Archive for October, 2008

NYTimes Topics: Quirky, Useful Classification, Finding Aid

October 23rd, 2008

Yesterday the NYTimes announced a new API, TimesTags, “based on the taxonomy and controlled vocabulary used by Times indexers since 1851”. The browseable version of this vocabulary, http://topics.nytimes.com/ , is a great entry into NYTimes articles published since 1981.

NYTimes Topics

NYTimes Topics

Ed Summers did some scraping while also asking the Open NYTimes team for a SKOS version. Meanwhile, I’m playing around with the classification (online and scraped). Its quirks seem to reflect how it’s been used, and how it has evolved over time. Classification systems can highlight the material classified; they also tend to give insight into the worldview of the people classifying materials or creating the system. The interplay makes integration of classification systems, such as through topic maps, an interesting research area. But that’s a topic for another day.
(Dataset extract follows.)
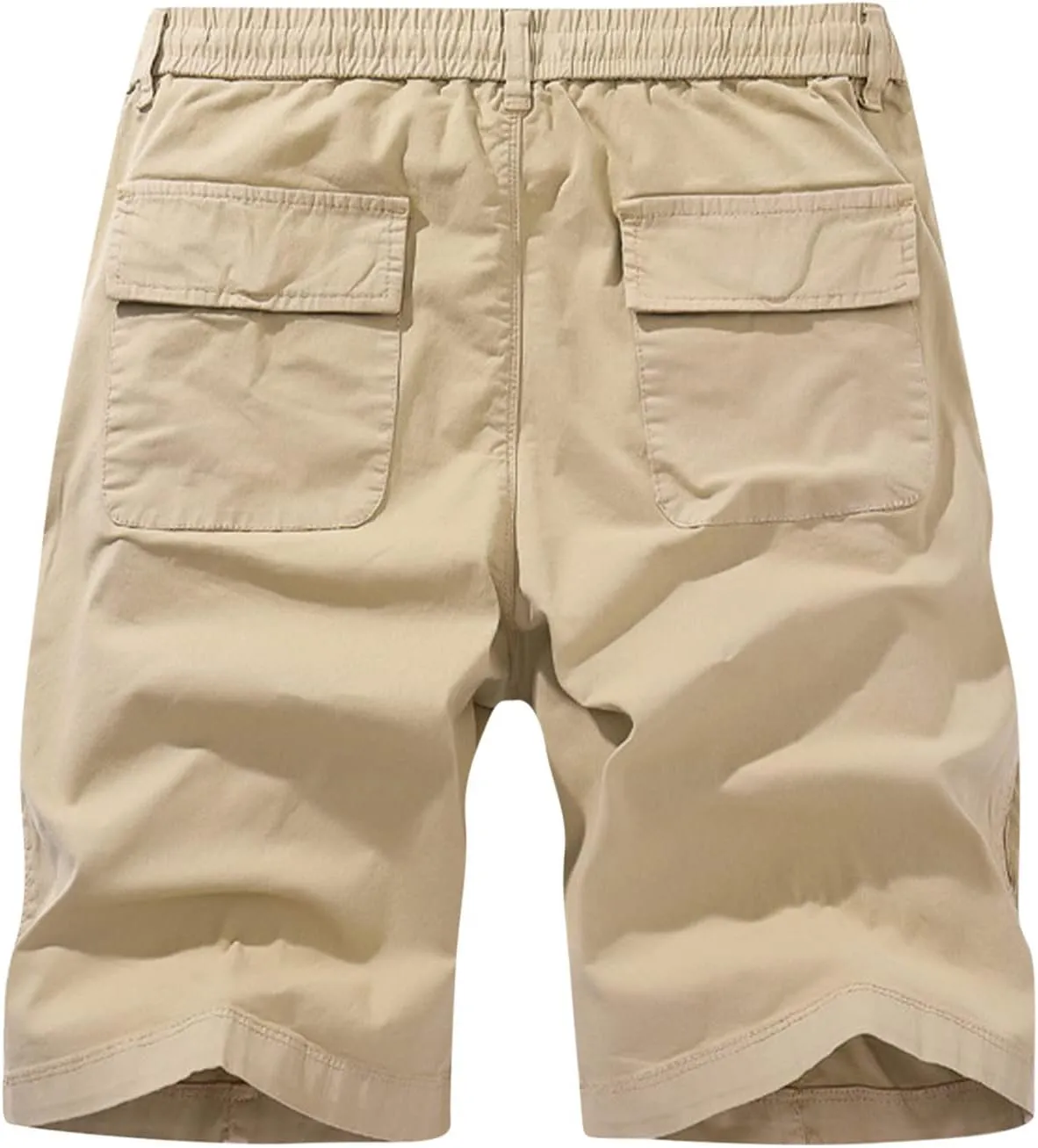 Muscularfit Mens Shorts 7 Inch Inseam Stretch Waist Drawstring Cargo Shorts Ultimate Comfort Linen Short with Pockets Outdoor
Here are some things I’ve noticed while playing around with the vocabulary.

Overall Structure

The NYTimes’ main navigation lists 15 sections. The NYTimes taxonomy has 3 top-level categories: news, opinion, and reference. 7 sections fit within the news taxonomy. Opinion has its own category. Travel is an explicit subject within the reference category. Technology, arts, and style are topical, drawing primarily on the reference category. (Cooking, however, is similar to travel in its treatment.) The 3 advertising sections (jobs, real estate, and auto) are already classified, and thus, out of scope.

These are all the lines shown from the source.